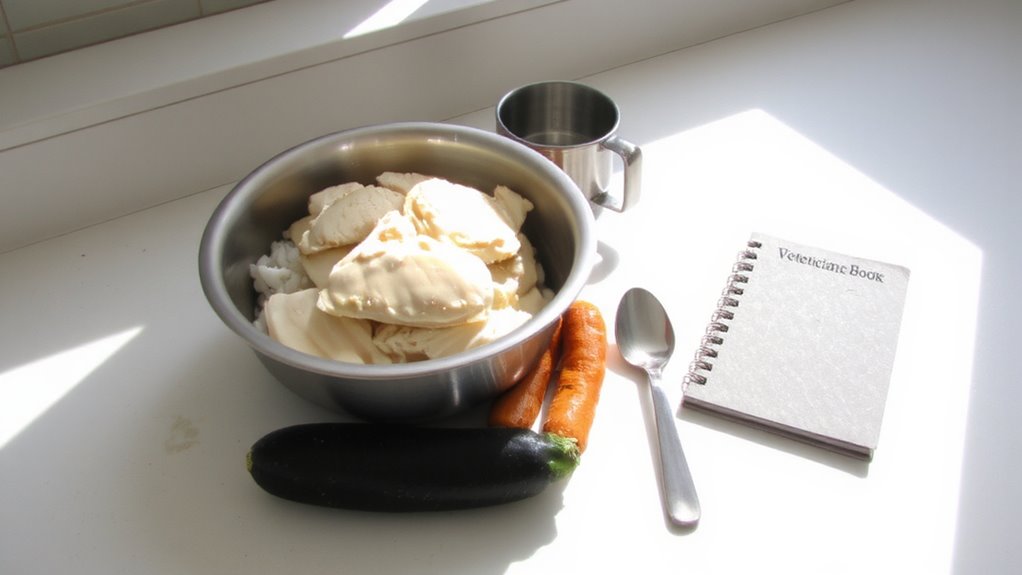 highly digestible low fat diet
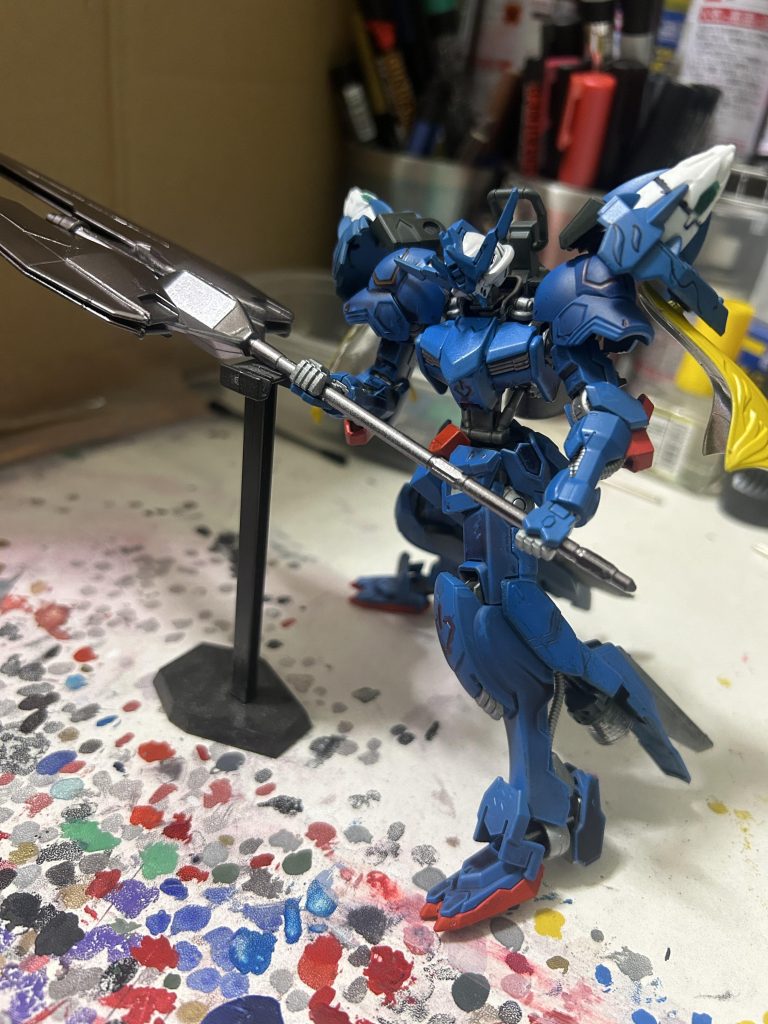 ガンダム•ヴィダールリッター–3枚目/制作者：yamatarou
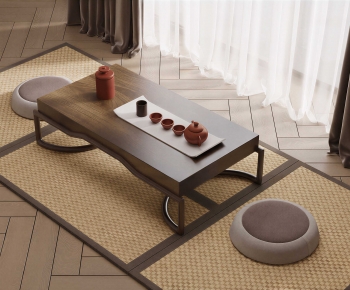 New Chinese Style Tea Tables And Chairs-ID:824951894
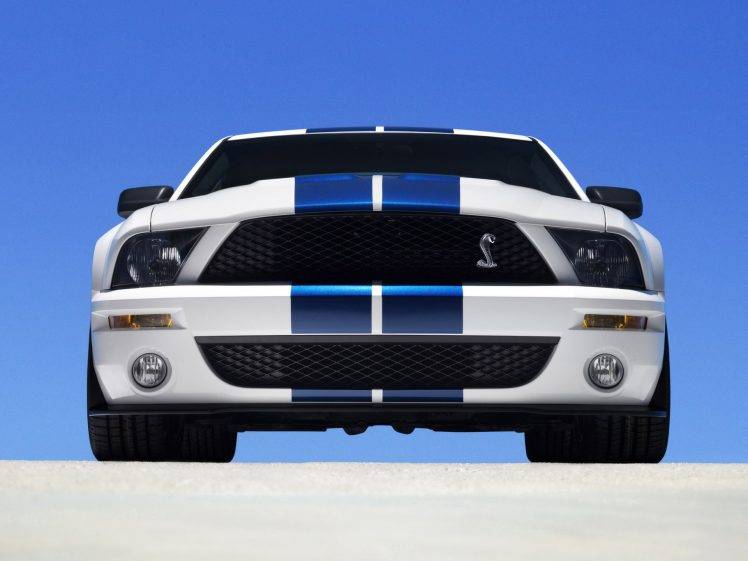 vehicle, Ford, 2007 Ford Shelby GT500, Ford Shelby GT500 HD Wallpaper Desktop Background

==*==

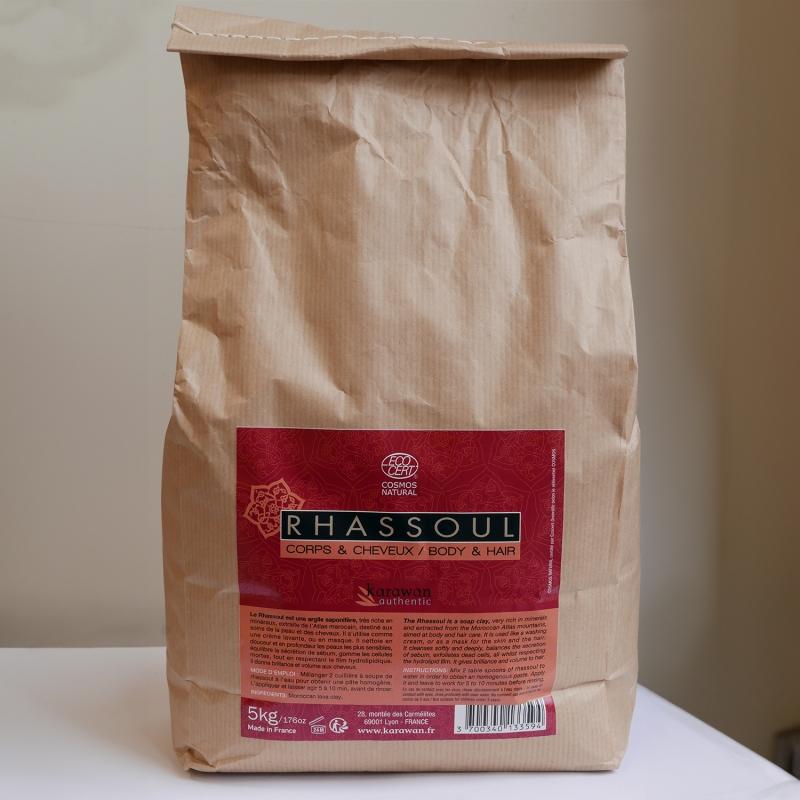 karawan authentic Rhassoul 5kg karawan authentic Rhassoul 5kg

==*==

§ **Instructions to follow**: Word for word, retype the lines in the entries above that run from the one with "highly digestible low fat diet" through the one with "vehicle, Ford, 2007". Both ends count; pictures do not.

§ **Written solution**:
 highly digestible low fat diet
 ガンダム•ヴィダールリッター–3枚目/制作者：yamatarou
 New Chinese Style Tea Tables And Chairs-ID:824951894
 vehicle, Ford, 2007 Ford Shelby GT500, Ford Shelby GT500 HD Wallpaper Desktop Background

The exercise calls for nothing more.